Perfect Soaring Safety - How to Achieve
On Feb 28, 8:19*pm, Bob Whelan wrote:
As to your first point above Andy, FWIW if you ever feel invulnerable or
'absolutely safe' aloft in a glider, my fundamental reasoning is your
assumptions could do with additional self-scrutiny. :-)
What did I ever say to you that would suggest that I feel invulnerable
while flying anything? If I ever did feel invulnerable I lost that
illusion after I found myself pinned to the headrest by barbed wire
after it penetrated my canopy. I spent a long time going over the
events that lead to that accident over 20 years ago and have no doubt
dehydration was a significant contributing factor.
What did I learn - have an effective relief system and keep
hydrated.
That is a lesson others should learn without tangling with barbed wire
but in those days people didn't talk much about relief systems or the
need to keep hydrated.
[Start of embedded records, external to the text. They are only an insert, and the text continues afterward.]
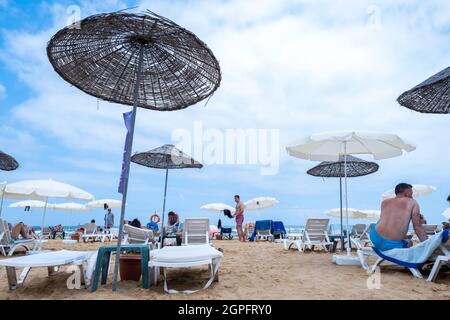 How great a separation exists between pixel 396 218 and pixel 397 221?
0.04m

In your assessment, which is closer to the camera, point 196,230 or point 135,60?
point 135,60

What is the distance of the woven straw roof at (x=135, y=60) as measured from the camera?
9.34ft

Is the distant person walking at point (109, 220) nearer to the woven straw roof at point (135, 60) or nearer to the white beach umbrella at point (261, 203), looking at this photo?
the white beach umbrella at point (261, 203)

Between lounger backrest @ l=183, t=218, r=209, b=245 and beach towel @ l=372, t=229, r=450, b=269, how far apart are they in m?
3.91

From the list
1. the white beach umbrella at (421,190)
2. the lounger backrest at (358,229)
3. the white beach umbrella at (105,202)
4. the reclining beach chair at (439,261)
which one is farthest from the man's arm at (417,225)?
the white beach umbrella at (105,202)

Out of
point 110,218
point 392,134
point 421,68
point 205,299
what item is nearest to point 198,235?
point 205,299

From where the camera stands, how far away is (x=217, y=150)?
523cm

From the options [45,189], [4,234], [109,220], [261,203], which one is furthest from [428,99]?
[109,220]

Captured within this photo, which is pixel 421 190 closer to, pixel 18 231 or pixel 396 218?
pixel 396 218

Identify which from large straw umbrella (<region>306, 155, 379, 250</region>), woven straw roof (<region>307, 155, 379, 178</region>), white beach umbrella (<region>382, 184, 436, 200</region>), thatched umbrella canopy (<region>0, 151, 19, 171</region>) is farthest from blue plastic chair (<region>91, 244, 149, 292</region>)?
white beach umbrella (<region>382, 184, 436, 200</region>)

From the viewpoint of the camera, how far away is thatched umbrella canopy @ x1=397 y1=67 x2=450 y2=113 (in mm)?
4199

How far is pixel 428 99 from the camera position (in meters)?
4.47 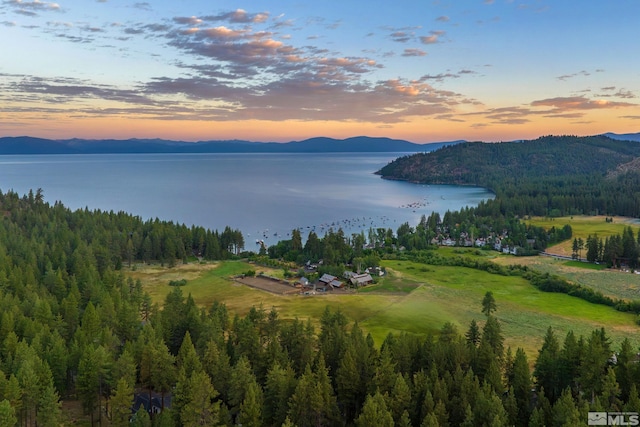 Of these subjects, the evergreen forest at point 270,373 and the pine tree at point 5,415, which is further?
the evergreen forest at point 270,373

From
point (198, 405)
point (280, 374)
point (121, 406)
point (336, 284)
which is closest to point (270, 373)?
point (280, 374)

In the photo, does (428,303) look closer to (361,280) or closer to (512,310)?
(512,310)

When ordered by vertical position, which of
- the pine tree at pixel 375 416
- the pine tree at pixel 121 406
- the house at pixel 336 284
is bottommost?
the house at pixel 336 284

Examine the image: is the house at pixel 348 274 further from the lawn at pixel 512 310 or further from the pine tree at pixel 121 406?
the pine tree at pixel 121 406

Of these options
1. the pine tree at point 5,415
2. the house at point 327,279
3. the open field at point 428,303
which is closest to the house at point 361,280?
the open field at point 428,303

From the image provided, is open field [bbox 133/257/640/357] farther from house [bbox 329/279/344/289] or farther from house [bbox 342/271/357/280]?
house [bbox 329/279/344/289]

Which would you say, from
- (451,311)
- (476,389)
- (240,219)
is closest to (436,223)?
(240,219) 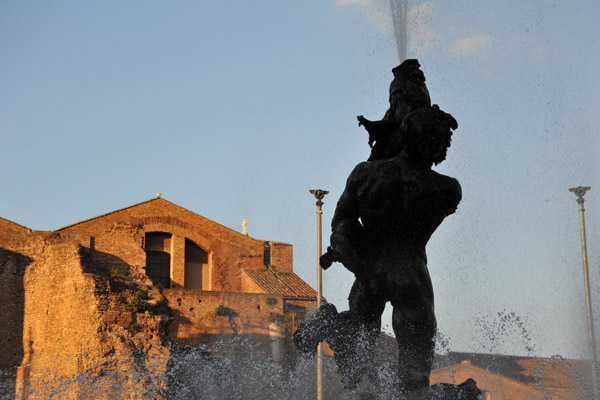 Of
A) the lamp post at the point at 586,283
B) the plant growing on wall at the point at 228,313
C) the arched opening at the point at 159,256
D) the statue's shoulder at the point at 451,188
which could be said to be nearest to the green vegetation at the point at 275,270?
the arched opening at the point at 159,256

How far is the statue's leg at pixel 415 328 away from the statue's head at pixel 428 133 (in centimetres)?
67

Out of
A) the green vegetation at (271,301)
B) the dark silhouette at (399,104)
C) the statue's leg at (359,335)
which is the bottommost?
the statue's leg at (359,335)

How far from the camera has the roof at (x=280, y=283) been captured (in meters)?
31.3

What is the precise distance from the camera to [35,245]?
93.4 feet

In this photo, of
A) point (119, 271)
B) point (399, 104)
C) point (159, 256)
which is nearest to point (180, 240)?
point (159, 256)

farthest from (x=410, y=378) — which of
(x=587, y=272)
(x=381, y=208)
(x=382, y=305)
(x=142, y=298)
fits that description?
(x=142, y=298)

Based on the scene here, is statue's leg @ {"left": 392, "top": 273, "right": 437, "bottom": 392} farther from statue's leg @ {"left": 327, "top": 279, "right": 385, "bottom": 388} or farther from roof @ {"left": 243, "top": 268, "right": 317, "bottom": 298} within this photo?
roof @ {"left": 243, "top": 268, "right": 317, "bottom": 298}

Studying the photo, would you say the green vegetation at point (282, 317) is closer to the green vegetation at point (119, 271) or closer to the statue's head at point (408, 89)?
the green vegetation at point (119, 271)

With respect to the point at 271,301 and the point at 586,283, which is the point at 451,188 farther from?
the point at 271,301

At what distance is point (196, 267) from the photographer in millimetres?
34500

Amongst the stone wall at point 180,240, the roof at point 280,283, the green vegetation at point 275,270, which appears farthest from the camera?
the green vegetation at point 275,270

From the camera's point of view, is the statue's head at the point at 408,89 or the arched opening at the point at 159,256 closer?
the statue's head at the point at 408,89

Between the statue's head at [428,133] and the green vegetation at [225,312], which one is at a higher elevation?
the green vegetation at [225,312]

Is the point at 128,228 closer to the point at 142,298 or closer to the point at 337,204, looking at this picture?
the point at 142,298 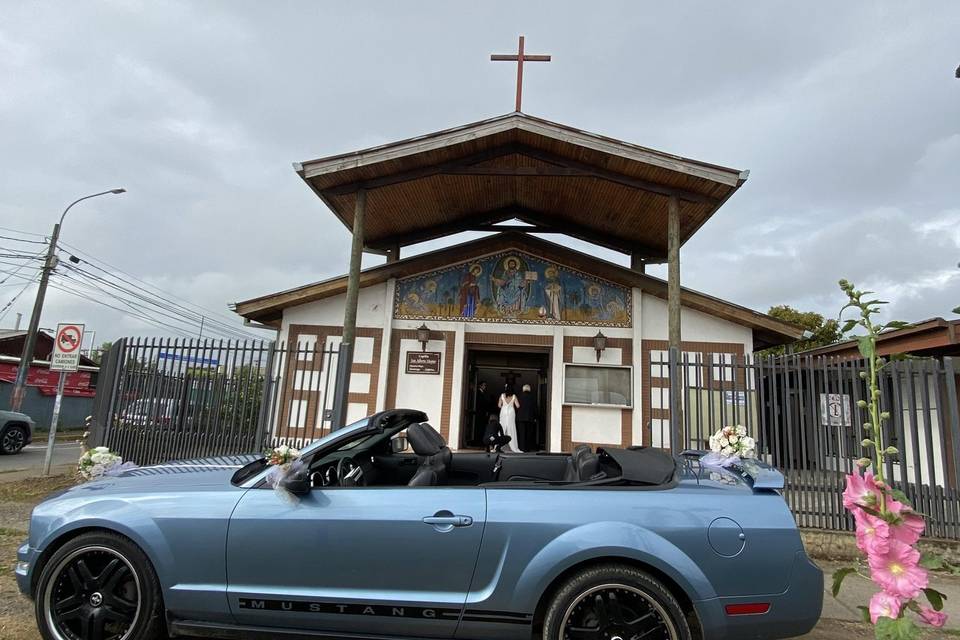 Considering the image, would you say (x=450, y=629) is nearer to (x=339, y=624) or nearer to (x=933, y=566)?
(x=339, y=624)

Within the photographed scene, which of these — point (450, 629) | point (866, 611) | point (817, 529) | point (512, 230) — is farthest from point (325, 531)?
point (512, 230)

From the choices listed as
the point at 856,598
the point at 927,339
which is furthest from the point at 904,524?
the point at 927,339

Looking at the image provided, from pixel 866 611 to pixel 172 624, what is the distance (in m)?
3.39

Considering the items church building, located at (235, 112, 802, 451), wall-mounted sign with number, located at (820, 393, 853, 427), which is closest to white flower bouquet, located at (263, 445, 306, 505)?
wall-mounted sign with number, located at (820, 393, 853, 427)

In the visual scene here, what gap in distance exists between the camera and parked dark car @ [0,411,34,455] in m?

It was a hard learned lesson and I pass it on
whenever I can.
I also try to learn from the accidents of other others, but I have no
way to predict the accident that may one day kill me, any more than
many better pilots than me predicted their own demise.
I know that if I fly I may have a fatal flying accident. That in
itself does nothing to increase my safety. At least it does not
increase it above the margin that was established a long time ago.